The calculation of the extinction probabilities for the right clade, which contains two taxa that coalesce at 10 time units, is a bit more involved. We first have to combine the probabilities of the two tip branches at node R:

```
times=c(0, 10)
yini <-c(E0=1-0.5, E1=1-0.5, D0=0.5, D1=0)
right.subA.probs <- GetProbs(yini, times)
right.subB.probs <- GetProbs(yini, times)
nodeR <- c(right.subA.probs[3:4] * right.subB.probs[3:4] * c(0.1, 0.2))
#Arbitrarily using the extinction probabilities from side A:
phi_A <- right.subA.probs[1:2]
```

But, from here we simply use these probabilities as the initial conditions when calculating probabilities for the subtending branch representing the remaining 10 time units down to the root:

```
times=c(10, 20)
yini <-c(E0=phi_A[1], E1=phi_A[2], D0=nodeR[1], D1=nodeR[2])
right.branch.probs <- GetProbs(yini, times)
right.branch.probs[1:2]
```

```
## E0.E0 E1.E1
## 0.3453536 0.1793776
```

As expected, the probabilities of the left and right lineages converge to the same extinction probabilities (note, there may be slight precision issues due to our reliance on ode integration):

```
## E0 E1
## TRUE TRUE
```

Let’s assume that the right clade is actually sampled at 25\(\%\), and the left clade is still sampled at 50\(\%\):

```
times=c(0, 10)
yini <-c(E0=1-0.25, E1=1-0.25, D0=0.25, D1=0)
right.subA.probs <- GetProbs(yini, times)
right.subB.probs <- GetProbs(yini, times)
nodeR <- c(right.subA.probs[3:4] * right.subB.probs[3:4] * c(0.1, 0.2))
#Again, arbritarily using the extinction probabilities from side A:
phi_A <- right.subA.probs[1:2]
times=c(10, 20)
yini <-c(E0=phi_A[1], E1=phi_A[2], D0=nodeR[1], D1=nodeR[2])
right.branch.probs <- GetProbs(yini, times)
right.branch.probs[1:2]
```

```
## E0.E0 E1.E1
## 0.4846120 0.2302621
```

`left.branch.probs[1:2]`

```
## E0 E1
## 0.3453536 0.1793777
```

```
## E0 E1
## FALSE FALSE
```

Now, these extinction probabilities no longer converge at the root, and the likelihood is incorrect. An important question worth further examination is if sampling is uneven, is the final answer worse by forcing the assumption that sampling is even or is it better to allow clade-specific sampling but with mathematical errors? Future work will address this question. But until then, for mathematical reasons we feel it is best to avoid using clade-specific sampling fractions, which is why we have removed this capability within all HiSSE functions. We recommend for now using either a global sampling fraction as shown above, or a global fraction for each of the states included in a given model.

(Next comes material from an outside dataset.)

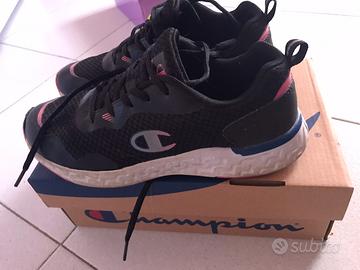 Scarpe Champion donna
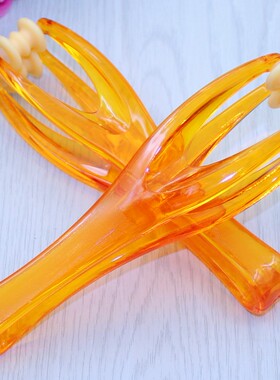 家用瘦手指多功能揉捏按摩器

Moore, B.R., S. Hohna, M.R. May, B. Rannala, and J.P. Huelsenbeck. 2016. Critically evaluating the theory and performance of Bayesian analysis of macroevolutionary mixtures. Proceedings of the National Academy of Sciences, USA, 113:9569-9574.

Stadler, T. 2013. How can we improve accuracy of macroevolutionary rate estimates? Systematic Biology, 68:321-329.